Herbert Molloy Mason con The Rise of the Luftwaffe, 1918-1940
“The campaign in Poland proved the Luftwaffe to be the Wehrmacht’s loudest trumpet. The rest of the world… was stunned at the overrunning of sixty thousand miles of courageously defended terrain in only twenty-six days.”
In the winter of 1918, Germany’s conquerors set about rendering the Reich forever incapable of waging war.
The existing German Air Service of nearly 15,000 planes was to be scrapped - the treaty of Versailles would ensure that no military aircraft would ever be flown in Germany again.
But less than a generation later Europe shook before the threat of the Luftwaffe, believed to be the most powerful air force in the world.

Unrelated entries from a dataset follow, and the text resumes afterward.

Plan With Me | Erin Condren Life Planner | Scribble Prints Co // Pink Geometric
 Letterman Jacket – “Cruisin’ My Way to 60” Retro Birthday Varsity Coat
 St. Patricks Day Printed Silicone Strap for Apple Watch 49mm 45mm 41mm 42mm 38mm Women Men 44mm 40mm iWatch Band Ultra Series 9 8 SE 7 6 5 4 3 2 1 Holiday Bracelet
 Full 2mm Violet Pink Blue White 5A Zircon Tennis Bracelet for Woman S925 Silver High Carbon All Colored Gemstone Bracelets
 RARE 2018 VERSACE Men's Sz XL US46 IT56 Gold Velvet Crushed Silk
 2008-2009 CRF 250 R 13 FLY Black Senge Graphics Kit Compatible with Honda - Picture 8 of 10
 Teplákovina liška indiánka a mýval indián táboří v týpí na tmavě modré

The Rise of the Luftwaffe tells how it happened.
Denied warplane factories and flying schools in their homeland, the Germans built them in Russia and it was there that they trained an elite pilot corps.
At home state-sponsored gliding schemes gave a new generation of pilots their first taste of the air, and clandestine factories, ostensibly making perambulators or washing machines, turned out warplanes.
As confidence grew, and the actual restrictions on German aviation eased, so a new dimension was added to the bluff.
Germany’s re-occupation of the Rhineland was carried out under cover of planes lacking guns and ammunition; the Luftwaffe’s apparent capability was exaggerated by the use of stripped-down versions of fighters in speed-record attempts.
Now, instead of concealing the existence of their air power from the rest of Europe, the Germans were concealing its limitations.
Herbert Molloy Mason charts every step of the subterfuge and ingenuity by which the transformation was brought about.
He describes the pioneering of new developments such as the Stuka dive-bomber, and the proving of this secretly trained and created air force first in the Spanish Civil War and later against Poland and France.
At the same time he explodes some of the myths of German technical and organizational superiority: meddling by Hitler, bickering between designers and bureaucrats, and ineptitude by the morphine-addicted Goering cost the Luftwaffe a war-winning strategic bomber force and jet fighters even before World War II began.
Praise for Herbert Molloy Mason
‘Worth taking seriously.’ - Earl F. Ziemke
Herbert Molloy Mason (1927-2013) was a noted writer of military history, and wrote sixteen books, including The Lafayette Escadrille and To Kill Hitler. He lived in San Antonio, Texas with his wife who was an artist.